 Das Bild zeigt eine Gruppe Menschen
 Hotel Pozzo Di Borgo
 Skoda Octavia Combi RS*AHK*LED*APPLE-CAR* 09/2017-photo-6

- What you need to do -
Retype only the lines running from the line with "Hotel Pozzo Di Borgo" to the end of the listing, including both of those lines.

- Problem solution -
 Hotel Pozzo Di Borgo
 Skoda Octavia Combi RS*AHK*LED*APPLE-CAR* 09/2017-photo-6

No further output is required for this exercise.